===== Provided material

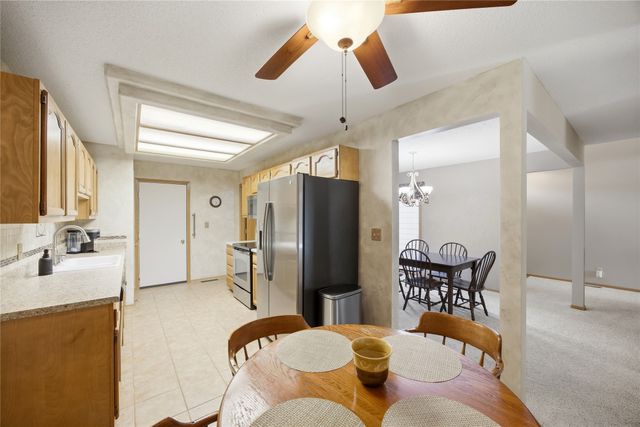 4476 87th Street, Urbandale, IA 50322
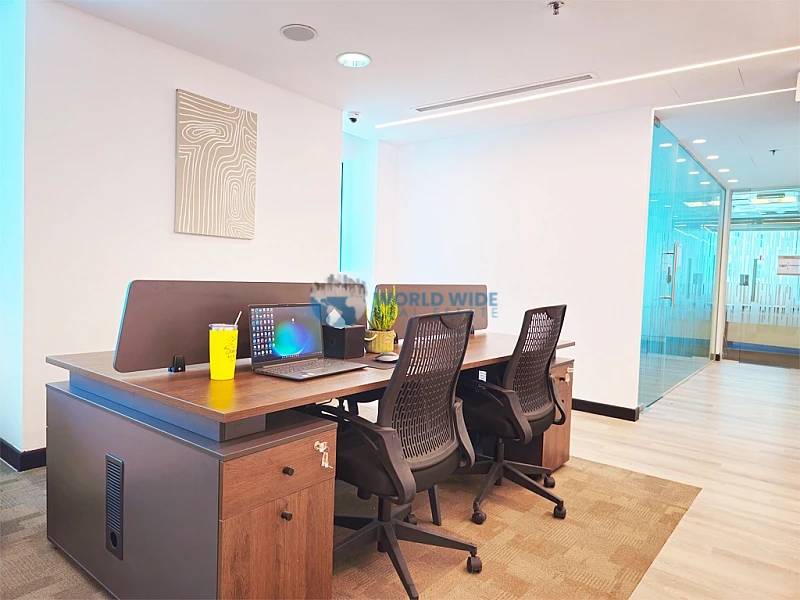  Modern Workspace with Full Amenities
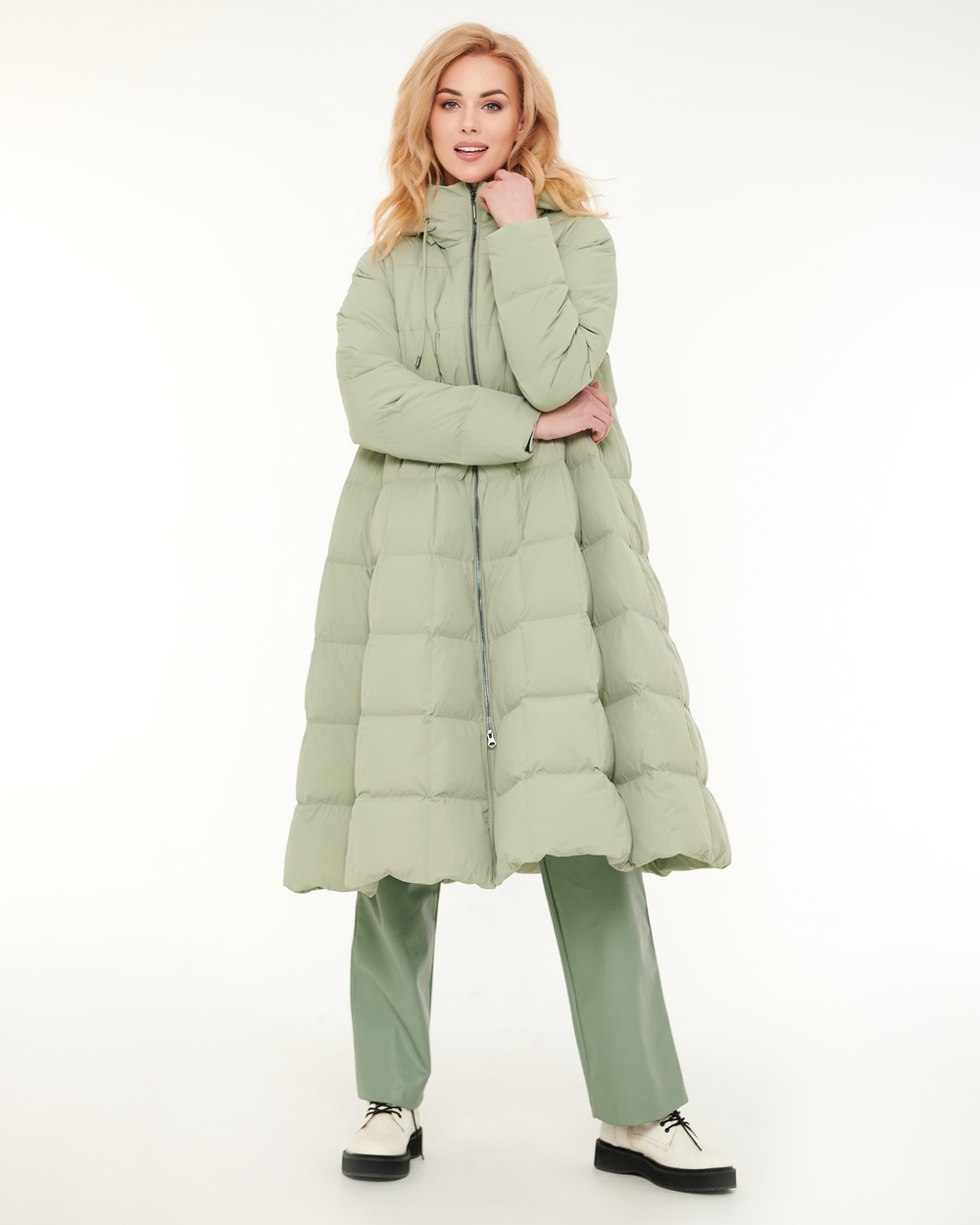 179.W22.004 пальто женское зеленое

==========

◆ **Task to carry out**
Please copy out the whole listing exactly as it stands, minus the pictures.

◆ **Response area**
 4476 87th Street, Urbandale, IA 50322
  Modern Workspace with Full Amenities
 179.W22.004 пальто женское зеленое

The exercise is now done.